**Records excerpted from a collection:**
··········

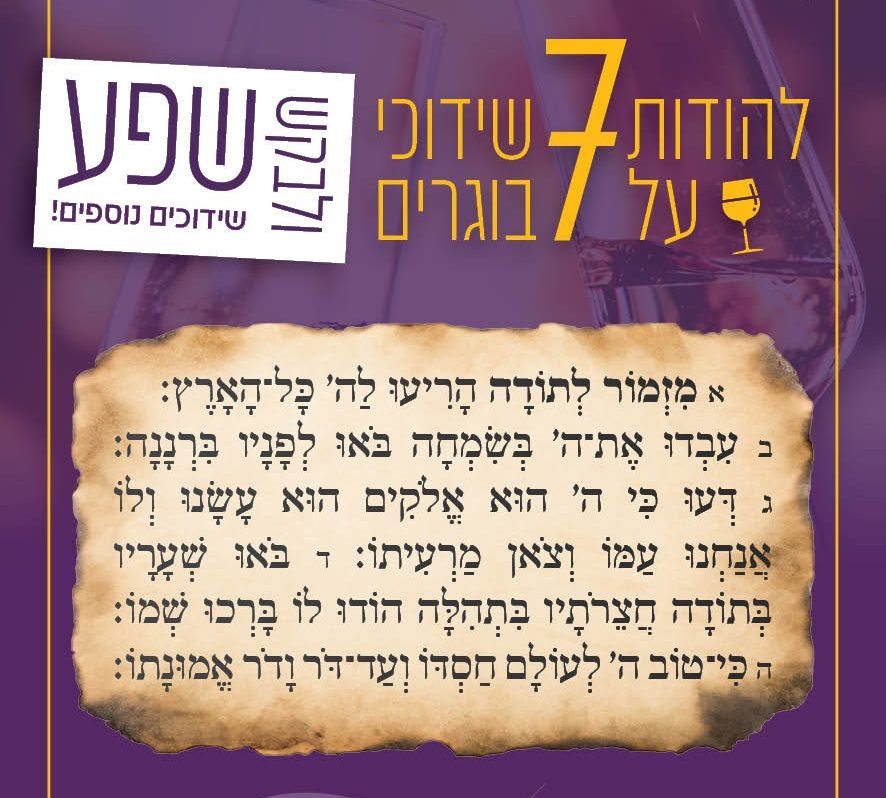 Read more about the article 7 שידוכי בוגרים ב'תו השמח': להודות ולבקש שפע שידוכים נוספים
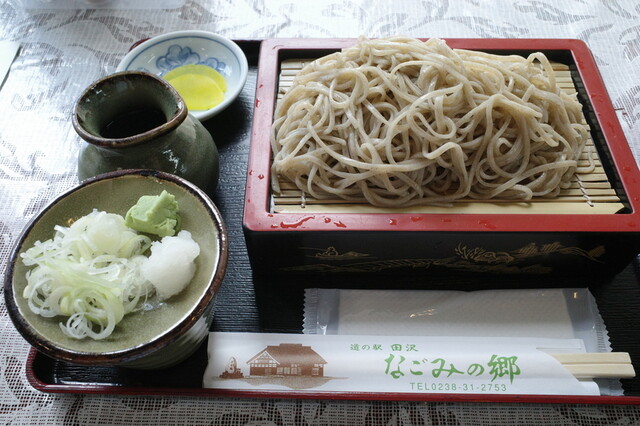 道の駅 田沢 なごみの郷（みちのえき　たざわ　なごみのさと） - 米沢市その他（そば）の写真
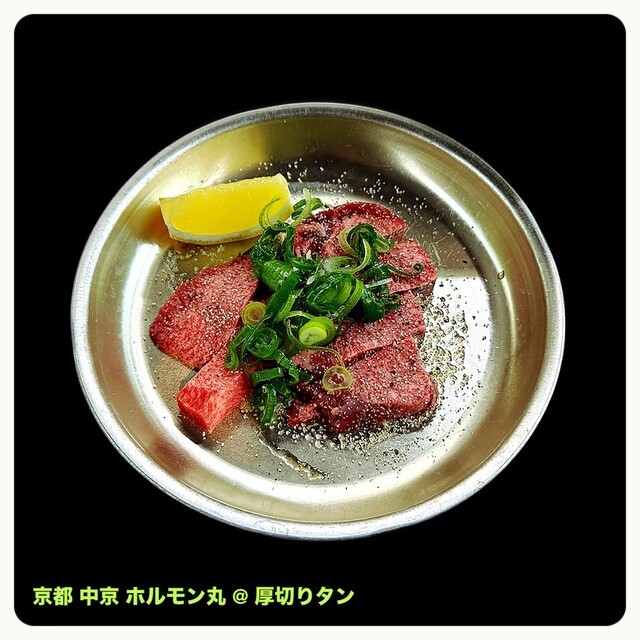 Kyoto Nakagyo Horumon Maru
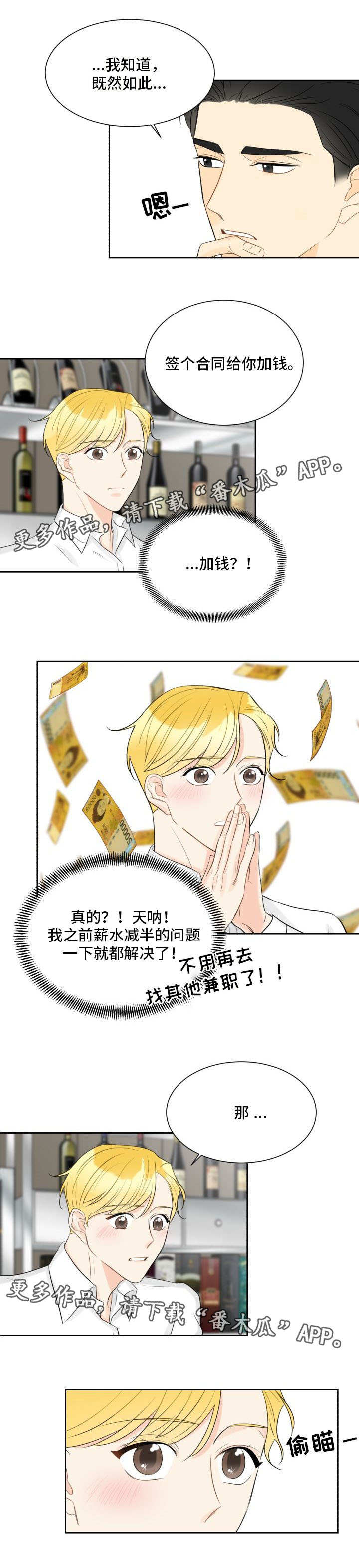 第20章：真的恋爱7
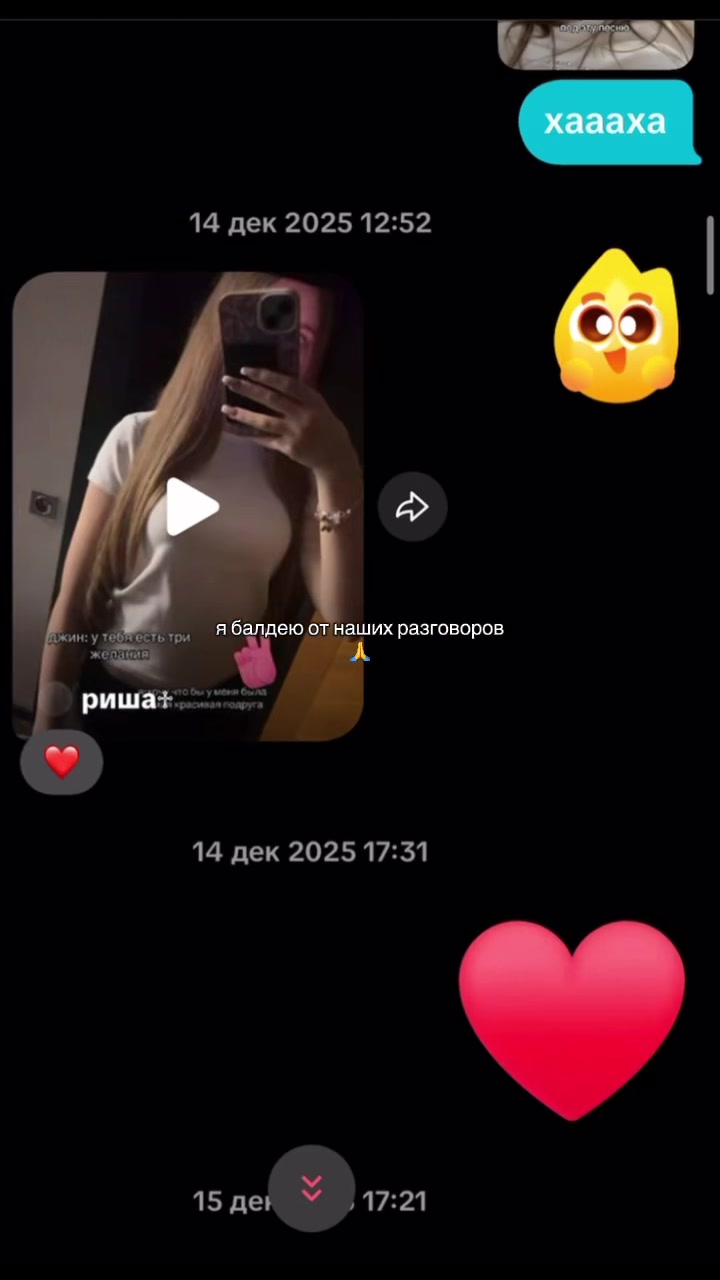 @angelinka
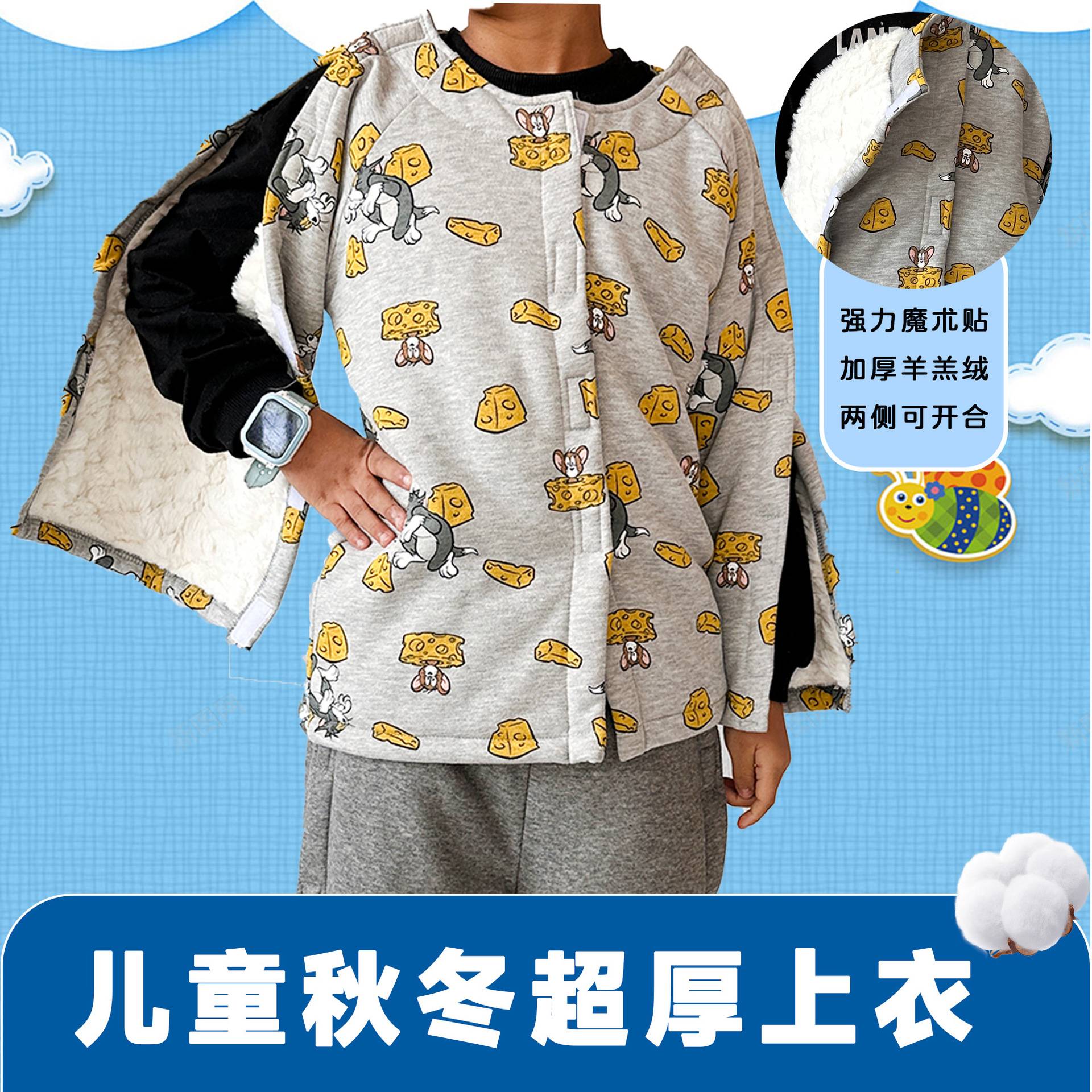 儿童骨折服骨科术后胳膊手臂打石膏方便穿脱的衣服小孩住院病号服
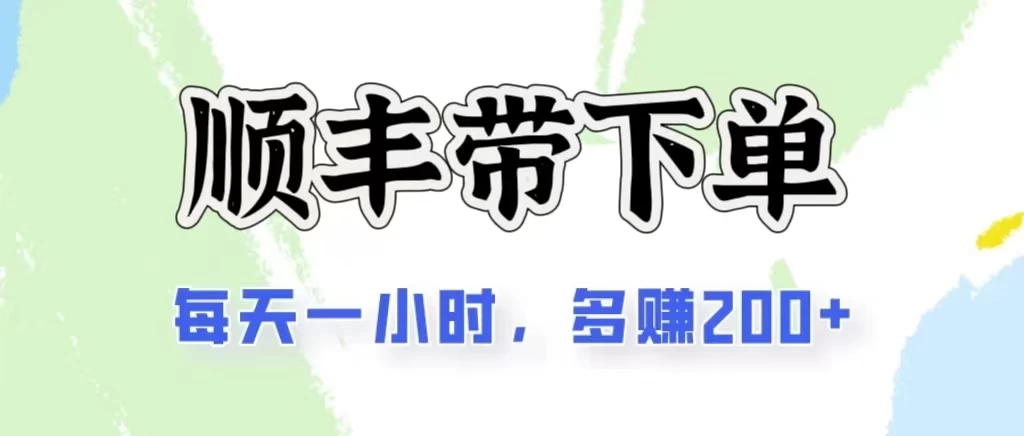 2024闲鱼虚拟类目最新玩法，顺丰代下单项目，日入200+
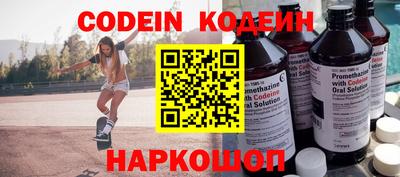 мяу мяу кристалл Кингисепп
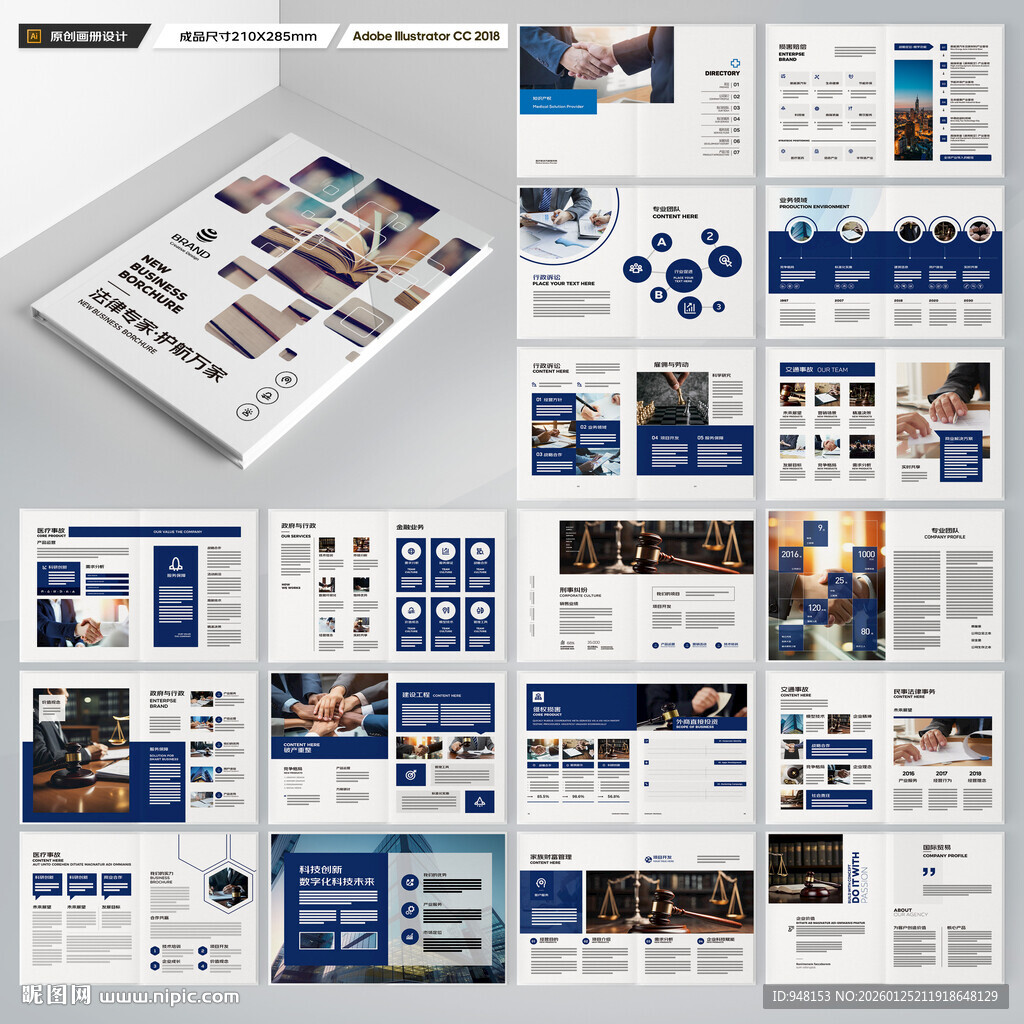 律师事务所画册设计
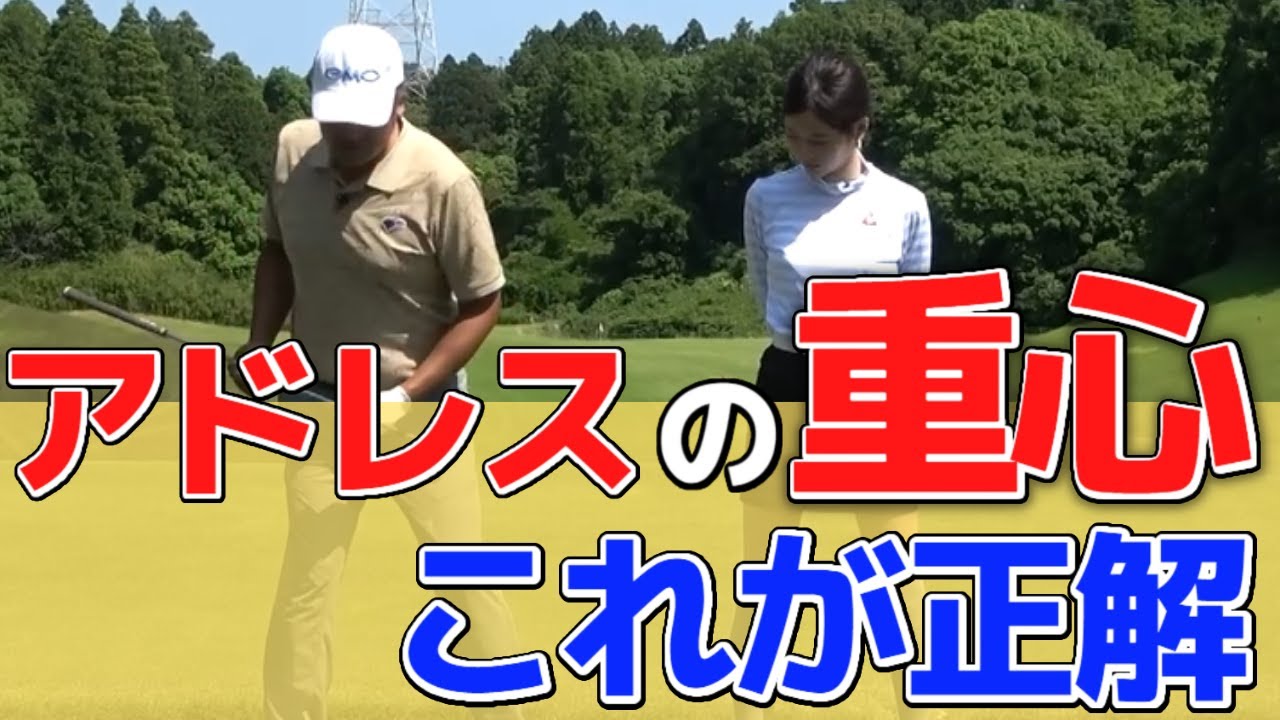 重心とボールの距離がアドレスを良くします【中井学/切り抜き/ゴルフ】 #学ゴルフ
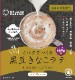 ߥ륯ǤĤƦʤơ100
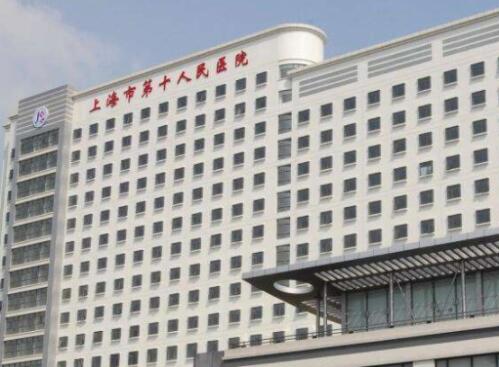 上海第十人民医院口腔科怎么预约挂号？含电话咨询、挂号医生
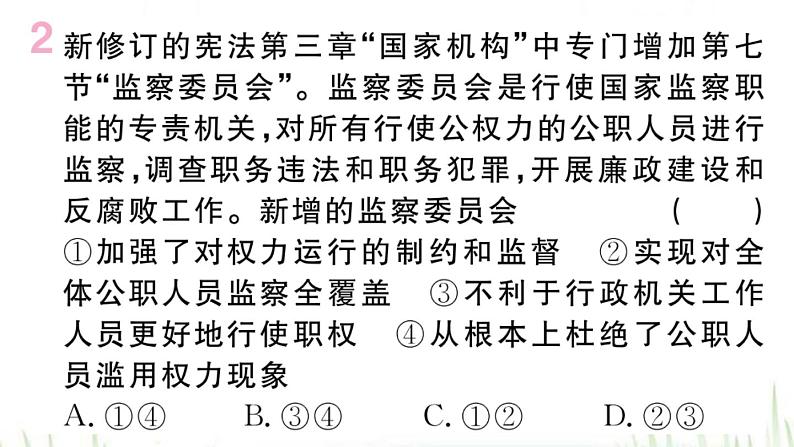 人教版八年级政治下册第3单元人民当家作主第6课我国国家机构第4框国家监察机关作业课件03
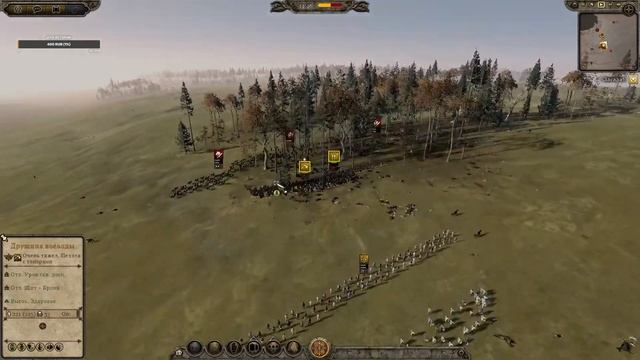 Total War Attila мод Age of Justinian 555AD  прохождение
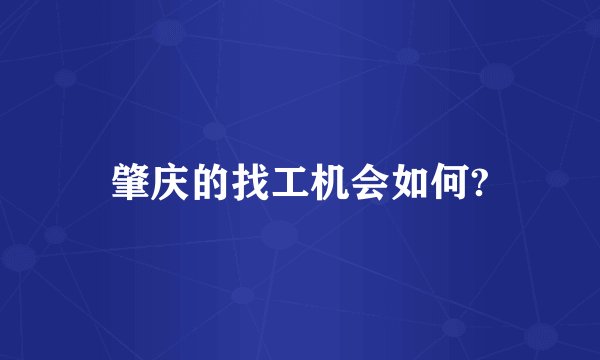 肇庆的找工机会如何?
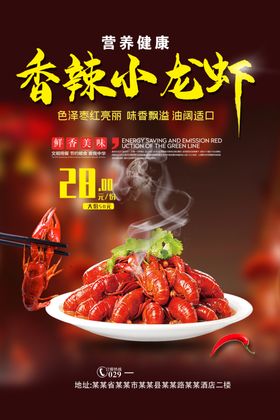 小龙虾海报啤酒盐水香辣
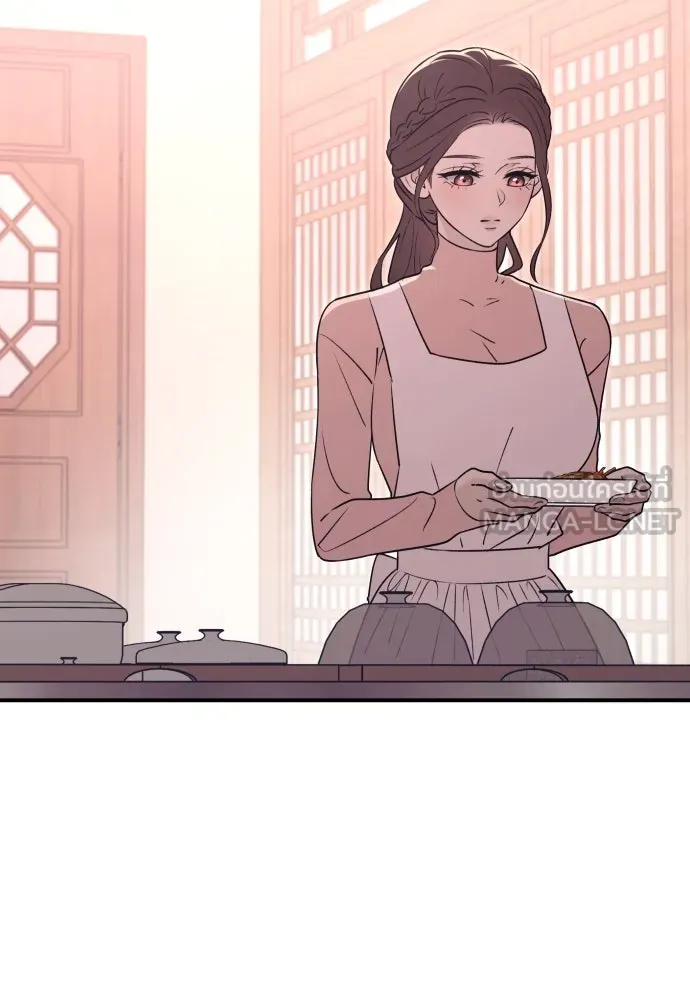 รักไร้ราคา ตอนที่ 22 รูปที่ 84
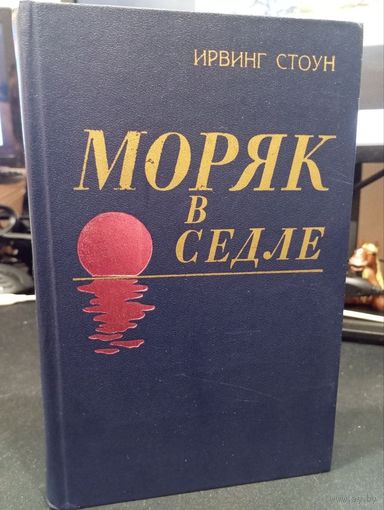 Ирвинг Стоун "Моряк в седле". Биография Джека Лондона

··········

**Task item:**
Leave out any pictures, please, and quote only the lines from the top of the data through the line that contains "小龙虾海报啤酒盐水香辣".

**Solution for this task:**
 Read more about the article 7 שידוכי בוגרים ב'תו השמח': להודות ולבקש שפע שידוכים נוספים
 道の駅 田沢 なごみの郷（みちのえき　たざわ　なごみのさと） - 米沢市その他（そば）の写真
 Kyoto Nakagyo Horumon Maru
 第20章：真的恋爱7
 @angelinka
 儿童骨折服骨科术后胳膊手臂打石膏方便穿脱的衣服小孩住院病号服
 2024闲鱼虚拟类目最新玩法，顺丰代下单项目，日入200+
 мяу мяу кристалл Кингисепп
 律师事务所画册设计
 重心とボールの距離がアドレスを良くします【中井学/切り抜き/ゴルフ】 #学ゴルフ
 ߥ륯ǤĤƦʤơ100
 上海第十人民医院口腔科怎么预约挂号？含电话咨询、挂号医生
 人教版八年级政治下册第3单元人民当家作主第6课我国国家机构第4框国家监察机关作业课件03
 Total War Attila мод Age of Justinian 555AD  прохождение
 肇庆的找工机会如何?
 小龙虾海报啤酒盐水香辣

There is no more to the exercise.